Когда в Костанае появилась скульптура приземистого сталевара, а далее по пути к универсаму, названному в справочниках Казахско-французским культурным и торговым центром, расположились две девчонки (одна с ноутбуком, другая с мобильником) и Чарльз Спенсер Чаплин, я честно пытался понять художественный замысел устроителей, собравших эту противоречивую компанию в промежутке одного уличного квартала.
Я думал, что маловразумительный коктейль из Чаплина, сталевара и избыточных студенток – это такая нелепая художественная случайность. Но город тихой сапой начали заполнять странные персонажи…
Каждое утро мы с Филом прогуливаемся по одной из аллей, что позади Казахского театра. Вход в аллею венчает маленький резервуар с неким изваянием то ли змеи, то ли шеи жирафа. Фил – небольшой знаток паблик-арта (искусство в городской среде), тем не менее всякий раз пристально обнюхивает это сооружение, испытывая к нему нечеловеческое любопытство. Фил – пес. Поэтому я терпеливо в сотый или тысячный раз гляжу на замусоренное дно мертворожденного фонтанчика с оборванными электропроводами, а параллельно ломаю голову над происхождением образцов «архитектуры малых форм». Дело, наверное, в таланте созидателей и разумной концентрации фигур, немая часть которых высечена из пористого розового ракушечника. Медведь в сквере и черепаха в бассейне еще куда ни шло. Однако композиция «Борцы», что рядом с Шахматным клубом, рождает иные ассоциации. Возможно, борцы были от рождения гномами, но дело даже не в их пропорциях. Четкая линия, простите, их роскошных задниц заставляет с неловкостью отводить глаза. Возле Аквапарка на уровне моих колен застыл еще один анонимный посланец, некогда розовый, а теперь беспросветно серый, поскольку уличная пыль обожает пористые материалы.

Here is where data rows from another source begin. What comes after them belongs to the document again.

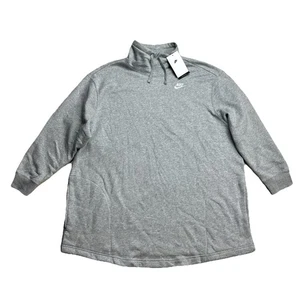 Nike Sportswear Club Fleece Wasserfallausschnitt Pullover Hoodie Damen Plus 1X grau neu mit Etikett - Bild 1 von 12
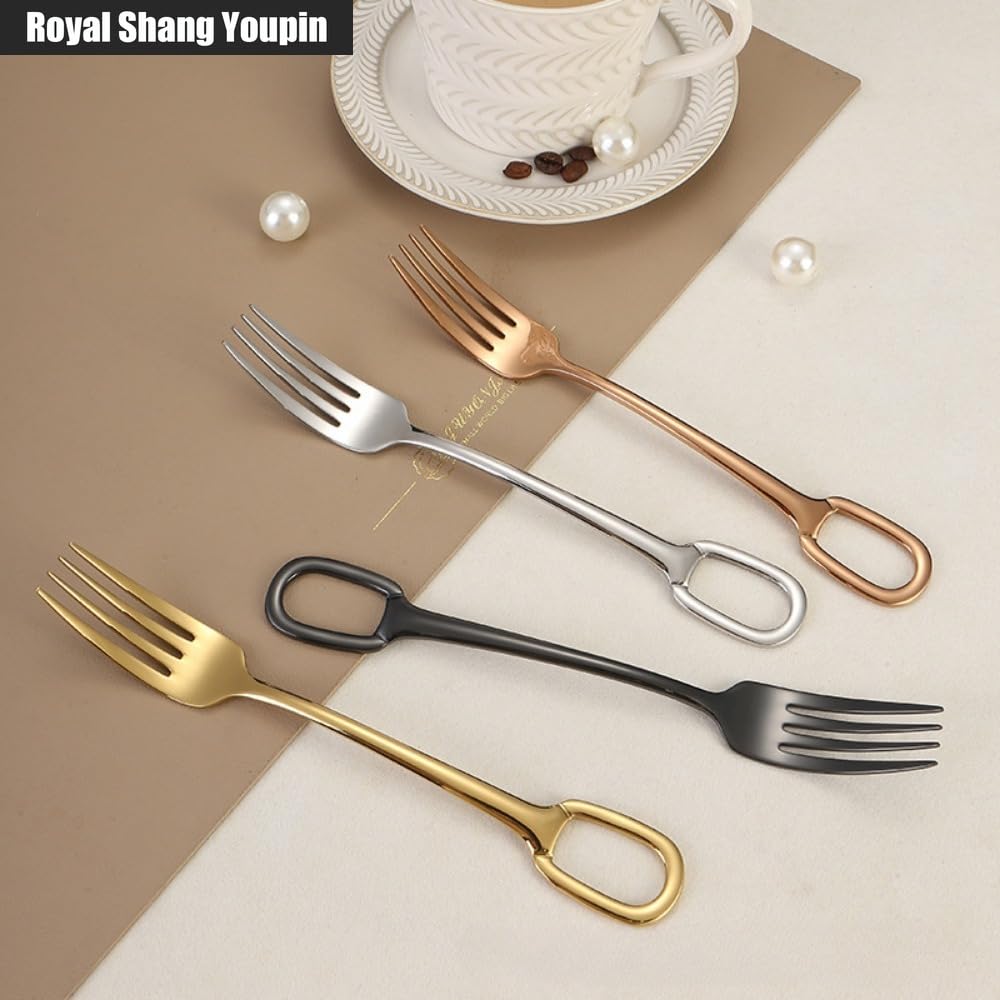 Cuisine Circulaire Trou De Suspension Poignée En Acier Inoxydable Argenterie Vaisselle Couverts Ensemble De Couverts Couteau À Steak Fourchette Cuillère Cuillère À Café (Noir,20 pièces)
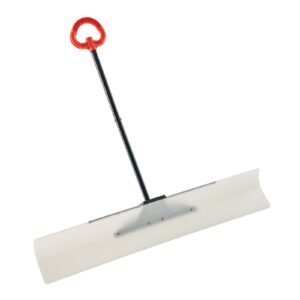 Snow Pusher Shovel, 48 in Outdoor Snowplow Shovel with Ergonomic Grip, HDPE Plastic Blade, Winter Shovels with Segmented Handle, Metal Edged Strip, Portable Snow Removal Tool for Driveway Garden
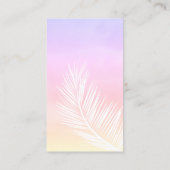 Carte De Visite Yoga jaune rose de coucher du soleil d'aquarelle (Dos)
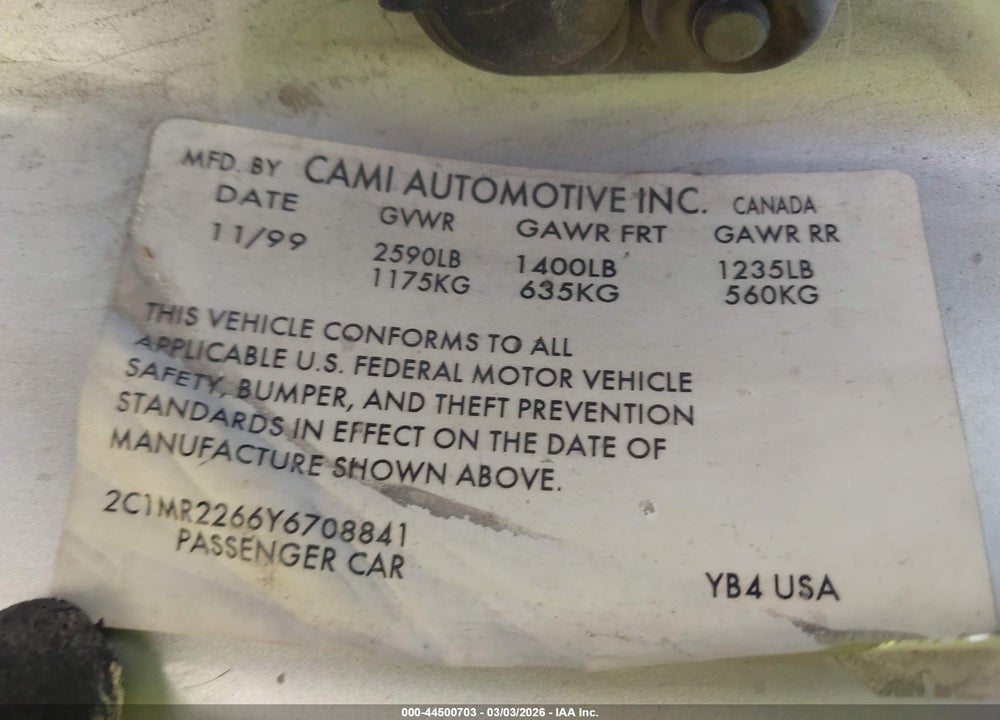 2000 CHEVROLET METRO VIN: 2C1MR2266Y6708841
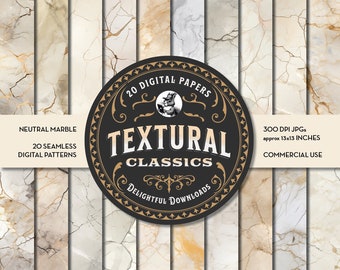 Puede incluir: 20 papeles digitales con texturas de mármol neutras. Cada patrón sin costuras es de 300 DPI y aproximadamente 13x13 pulgadas. Los clásicos texturales son para uso comercial.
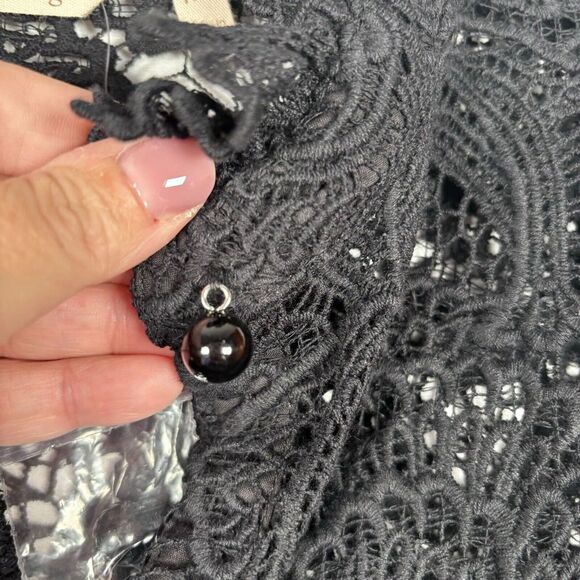 Soft Surroundings Black Lace Top Crochet Lace Whimsigoth Button Up Sz Petite XS - Picture 6 of 10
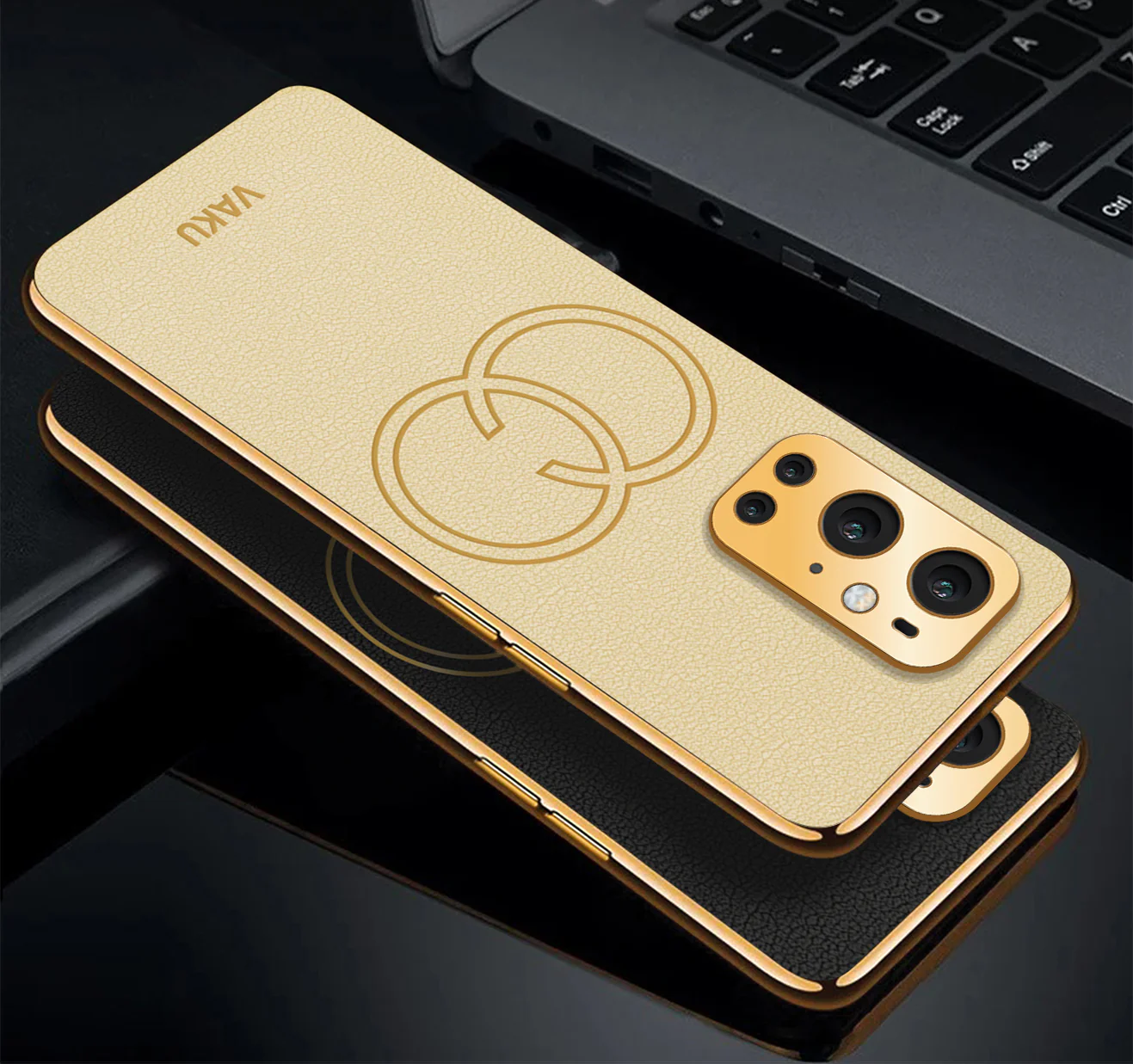 Vaku® OnePlus 9 Pro Skylar Series Leather Stitched Gold Electroplated Soft TPU Back Cover - Image 3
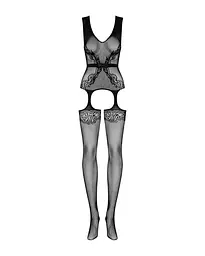 Бодістокінг Obsessive Bodystocking F217 XL/XXL, елегантний силуетний малюнок, імітація панчіх - мініатюра 5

Между тем захват города продолжается. Теперь его заселяют парнокопытные и пернатые. Новую кольцевую развязку в районе КСК (ул. Герцена) оседлал горный баран – архар. Не ищите в его мощных рогах символику нашего областного овцеводства: во-первых, архар – это горное дикое животное, во-вторых, от некогда 800-тысячной отары области давно осталось всего ничего. На дороге, ведущей от автомобильного кольца до корпусов «АгромашХолдинга»,
расположился опять козлик, а также угрожающе насупившийся орел-стервятник и лошадка. Клон подобной лошадки установили и в Рудном. Хотя логичнее бы видеть здесь образ горняка и даже сталевара. Уж насколько арабы в своих Эмиратах неравнодушны к лошадям, но в суперсовременном Дубае мне повстречалась только одна конская статуя, вся расписанная цветными квадратиками. В такой раскраске – ощущение легкости, ироничности и несокрушимая детская любовь к лошади, которая двигала авторами. А теперь скажите: кто понимает, какие культурологические принципы двигали нашими конструкторами уличного украшательства? Кто-нибудь знает, сколько городских денег вбухано в эти безликие штамповки и каков механизм художественного отбора? Что за таинственный Церетели сбывает нам оптом скульптурную разносортицу?
Тем временем в Астане разразился скандал, связанный со скульптурами ханов Джанибека и Керея. Работа местных ваятелей обошлась казне в 100 млн тенге и получила разгромную оценку горожан и профессиональных экспертов. «Нам пытаются, – сказал художник Канат Ибрагимов, – всучить под видом прославленных казахских ханов двух непонятно откуда взявшихся китайцев, установив их в центре Астаны. В искусство лезут некомпетентные люди, которые просто занимаются распиливанием бабла и прикрываются громкими фразами о национальном достоинстве». Заметьте, это не я сказал про бабло.